Hope this finds everyone well. I’ve been an internet lurker for some time and just joined the community this week, thanks for reading my first post. I came across a video on this subject and I’d like to share it as it might prove incredibly useful at the bench and I’m curious to see what conversation this might spark regards to its usefulness for protecting elements of a piece you don’t want overheated. I’ve only just discovered it and haven’t had an opportunity to try it myself.

Starlight is a puddy that is capable of resisting incredibly high temperatures while shielding anything behind it from the heat as well. In the video I’ll link to this fellow applies a torch to his hand, among other things, at length with nothing more than what looks like a bit of tortilla.

Starlight is the name given to the material by its inventor, there’s an odd story behind it and, secrecy behind it’s composition and it’s reasons for never becoming commercially viable but it’s become a bit of an internet phenomenon in the last few weeks after some one managed to create a facsimile and it’s spurred a lot of people to explore it further.

The first version shown in the clip below from Night Hawk Projects can be made at home using a bit of baking soda, cornstarch or flour and PVA glue as a binder. As a flame is put to the starch/flour creates a layer of carbon that deflects the heat while the baking soda produces CO2. He provides some explanation of the chemical mechanisms at work as he understands it.

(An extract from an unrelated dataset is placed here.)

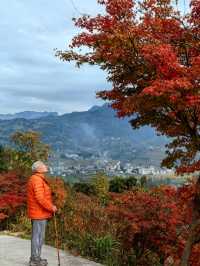 恩施大峽谷遊玩實測！和張家界比到底差在哪？   寶子們！之前一直聽說恩施名字自帶“仙氣”，滿懷期待去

A Super-Material You Can Make In Your Kitchen


#2

As just a new member of Ganoksin.com from 20 minutes ago, clicking on this video is the first action I made. And in my own opinion, it might just has repaid my membership for that solution against soldering a piece of jewelry set with, say, a pearl. The question is: it protect against direct heat but does this material protects from dissipated heat as we torch flame is applied on the ring shank in order to solder, dissipating the heat along the metal up to the heat sensitive material (pearl in that case).


#3

This material does not conduct heat, thus it will not draw the heat away from the shank. You need something that acts as a heat sink, not as an insulator.
That said, if at all possible it’s always best to remove pearls before soldering. It doesn’t take much heat to damage a pearl.


#4

I regularly use a hollowed out small (new) potato to protect pearls from certain death while soldering. Extra damp material to seal up all the cracks between the two halves. With several dressmakers pins to secure the halves together, the potato itself is quite handy as a dexterous holder while soldering. Primarily I work with large 13mm +Tahitian pearls.

Eileen

Pictures are of an early experiments with a sacrificial pearl and 14rgf wire + rgf medium solder


#5

The person with torch against hand is braver than id be. The pearl and potato method ill have to try sometime. Thank you.
Aaron


#6

Aaron,

there are a couple of inches between flame and hand. The potato remains cool to touch where the flame isn’t aimed. The torch is focused at the joint to solder, parallel the top seam of the potato - not at the in seam. It’s shooting into space, past the potato and embedded pearl. I’ve gone thru a couple of bags of potatoes soldering, and never felt the hellish wrath of my torch. I’ve also used it on really nice rings with tourmalines and emeralds.